• **PROBLEM**:
Each entry below should be printed exactly as given.

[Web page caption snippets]
Content starts
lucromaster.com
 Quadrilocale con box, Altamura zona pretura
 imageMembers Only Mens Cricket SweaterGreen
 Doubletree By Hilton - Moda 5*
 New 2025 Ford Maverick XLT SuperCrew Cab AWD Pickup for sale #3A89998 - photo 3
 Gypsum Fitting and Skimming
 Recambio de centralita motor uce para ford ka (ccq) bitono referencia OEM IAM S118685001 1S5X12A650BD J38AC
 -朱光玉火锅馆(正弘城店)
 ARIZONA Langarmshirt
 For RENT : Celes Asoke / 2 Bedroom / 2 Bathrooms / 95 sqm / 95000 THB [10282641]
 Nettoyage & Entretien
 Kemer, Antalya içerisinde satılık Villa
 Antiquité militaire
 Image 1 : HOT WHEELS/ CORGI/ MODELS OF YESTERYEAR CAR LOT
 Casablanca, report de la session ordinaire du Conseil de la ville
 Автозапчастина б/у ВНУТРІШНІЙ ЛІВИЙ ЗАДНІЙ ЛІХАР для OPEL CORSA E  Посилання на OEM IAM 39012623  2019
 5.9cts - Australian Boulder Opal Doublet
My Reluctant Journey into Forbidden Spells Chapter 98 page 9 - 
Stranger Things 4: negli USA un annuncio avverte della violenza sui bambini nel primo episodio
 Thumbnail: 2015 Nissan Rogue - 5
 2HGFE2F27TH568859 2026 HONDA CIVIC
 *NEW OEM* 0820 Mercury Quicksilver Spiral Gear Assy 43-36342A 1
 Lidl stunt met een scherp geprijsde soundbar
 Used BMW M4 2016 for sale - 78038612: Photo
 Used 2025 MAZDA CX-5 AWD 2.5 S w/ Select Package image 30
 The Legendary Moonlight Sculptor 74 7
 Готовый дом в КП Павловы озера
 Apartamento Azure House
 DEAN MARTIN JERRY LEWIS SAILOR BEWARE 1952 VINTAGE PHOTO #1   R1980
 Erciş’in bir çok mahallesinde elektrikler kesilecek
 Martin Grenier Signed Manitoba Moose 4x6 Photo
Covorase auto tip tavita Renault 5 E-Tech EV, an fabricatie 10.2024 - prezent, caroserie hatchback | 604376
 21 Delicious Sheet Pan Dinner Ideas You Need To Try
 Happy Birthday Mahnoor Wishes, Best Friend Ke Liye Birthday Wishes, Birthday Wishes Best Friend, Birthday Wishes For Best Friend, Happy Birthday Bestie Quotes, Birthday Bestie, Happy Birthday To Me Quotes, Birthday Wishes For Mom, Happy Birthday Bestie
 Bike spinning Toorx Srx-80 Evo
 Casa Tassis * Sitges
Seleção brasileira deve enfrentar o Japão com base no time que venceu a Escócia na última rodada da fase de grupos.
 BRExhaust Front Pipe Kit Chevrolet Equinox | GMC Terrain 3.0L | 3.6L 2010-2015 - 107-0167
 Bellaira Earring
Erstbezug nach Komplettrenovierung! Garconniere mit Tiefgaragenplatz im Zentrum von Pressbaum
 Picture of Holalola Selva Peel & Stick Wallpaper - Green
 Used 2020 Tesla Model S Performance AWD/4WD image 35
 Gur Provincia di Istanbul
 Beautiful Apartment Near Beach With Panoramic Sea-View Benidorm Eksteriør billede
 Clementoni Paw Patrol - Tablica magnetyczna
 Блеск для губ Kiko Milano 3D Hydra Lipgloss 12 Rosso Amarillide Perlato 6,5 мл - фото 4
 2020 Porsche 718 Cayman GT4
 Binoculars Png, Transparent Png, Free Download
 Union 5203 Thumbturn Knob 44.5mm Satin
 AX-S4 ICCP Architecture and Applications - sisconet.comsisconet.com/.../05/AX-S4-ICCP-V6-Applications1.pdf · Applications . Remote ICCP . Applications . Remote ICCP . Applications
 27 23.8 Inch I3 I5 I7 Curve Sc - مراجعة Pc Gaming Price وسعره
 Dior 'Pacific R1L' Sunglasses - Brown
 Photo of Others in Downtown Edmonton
Content ends
• **COMPLETED TASK**:
lucromaster.com
 Quadrilocale con box, Altamura zona pretura
 imageMembers Only Mens Cricket SweaterGreen
 Doubletree By Hilton - Moda 5*
 New 2025 Ford Maverick XLT SuperCrew Cab AWD Pickup for sale #3A89998 - photo 3
 Gypsum Fitting and Skimming
 Recambio de centralita motor uce para ford ka (ccq) bitono referencia OEM IAM S118685001 1S5X12A650BD J38AC
 -朱光玉火锅馆(正弘城店)
 ARIZONA Langarmshirt
 For RENT : Celes Asoke / 2 Bedroom / 2 Bathrooms / 95 sqm / 95000 THB [10282641]
 Nettoyage & Entretien
 Kemer, Antalya içerisinde satılık Villa
 Antiquité militaire
 Image 1 : HOT WHEELS/ CORGI/ MODELS OF YESTERYEAR CAR LOT
 Casablanca, report de la session ordinaire du Conseil de la ville
 Автозапчастина б/у ВНУТРІШНІЙ ЛІВИЙ ЗАДНІЙ ЛІХАР для OPEL CORSA E  Посилання на OEM IAM 39012623  2019
 5.9cts - Australian Boulder Opal Doublet
My Reluctant Journey into Forbidden Spells Chapter 98 page 9 - 
Stranger Things 4: negli USA un annuncio avverte della violenza sui bambini nel primo episodio
 Thumbnail: 2015 Nissan Rogue - 5
 2HGFE2F27TH568859 2026 HONDA CIVIC
 *NEW OEM* 0820 Mercury Quicksilver Spiral Gear Assy 43-36342A 1
 Lidl stunt met een scherp geprijsde soundbar
 Used BMW M4 2016 for sale - 78038612: Photo
 Used 2025 MAZDA CX-5 AWD 2.5 S w/ Select Package image 30
 The Legendary Moonlight Sculptor 74 7
 Готовый дом в КП Павловы озера
 Apartamento Azure House
 DEAN MARTIN JERRY LEWIS SAILOR BEWARE 1952 VINTAGE PHOTO #1   R1980
 Erciş’in bir çok mahallesinde elektrikler kesilecek
 Martin Grenier Signed Manitoba Moose 4x6 Photo
Covorase auto tip tavita Renault 5 E-Tech EV, an fabricatie 10.2024 - prezent, caroserie hatchback | 604376
 21 Delicious Sheet Pan Dinner Ideas You Need To Try
 Happy Birthday Mahnoor Wishes, Best Friend Ke Liye Birthday Wishes, Birthday Wishes Best Friend, Birthday Wishes For Best Friend, Happy Birthday Bestie Quotes, Birthday Bestie, Happy Birthday To Me Quotes, Birthday Wishes For Mom, Happy Birthday Bestie
 Bike spinning Toorx Srx-80 Evo
 Casa Tassis * Sitges
Seleção brasileira deve enfrentar o Japão com base no time que venceu a Escócia na última rodada da fase de grupos.
 BRExhaust Front Pipe Kit Chevrolet Equinox | GMC Terrain 3.0L | 3.6L 2010-2015 - 107-0167
 Bellaira Earring
Erstbezug nach Komplettrenovierung! Garconniere mit Tiefgaragenplatz im Zentrum von Pressbaum
 Picture of Holalola Selva Peel & Stick Wallpaper - Green
 Used 2020 Tesla Model S Performance AWD/4WD image 35
 Gur Provincia di Istanbul
 Beautiful Apartment Near Beach With Panoramic Sea-View Benidorm Eksteriør billede
 Clementoni Paw Patrol - Tablica magnetyczna
 Блеск для губ Kiko Milano 3D Hydra Lipgloss 12 Rosso Amarillide Perlato 6,5 мл - фото 4
 2020 Porsche 718 Cayman GT4
 Binoculars Png, Transparent Png, Free Download
 Union 5203 Thumbturn Knob 44.5mm Satin
 AX-S4 ICCP Architecture and Applications - sisconet.comsisconet.com/.../05/AX-S4-ICCP-V6-Applications1.pdf · Applications . Remote ICCP . Applications . Remote ICCP . Applications
 27 23.8 Inch I3 I5 I7 Curve Sc - مراجعة Pc Gaming Price وسعره
 Dior 'Pacific R1L' Sunglasses - Brown
 Photo of Others in Downtown Edmonton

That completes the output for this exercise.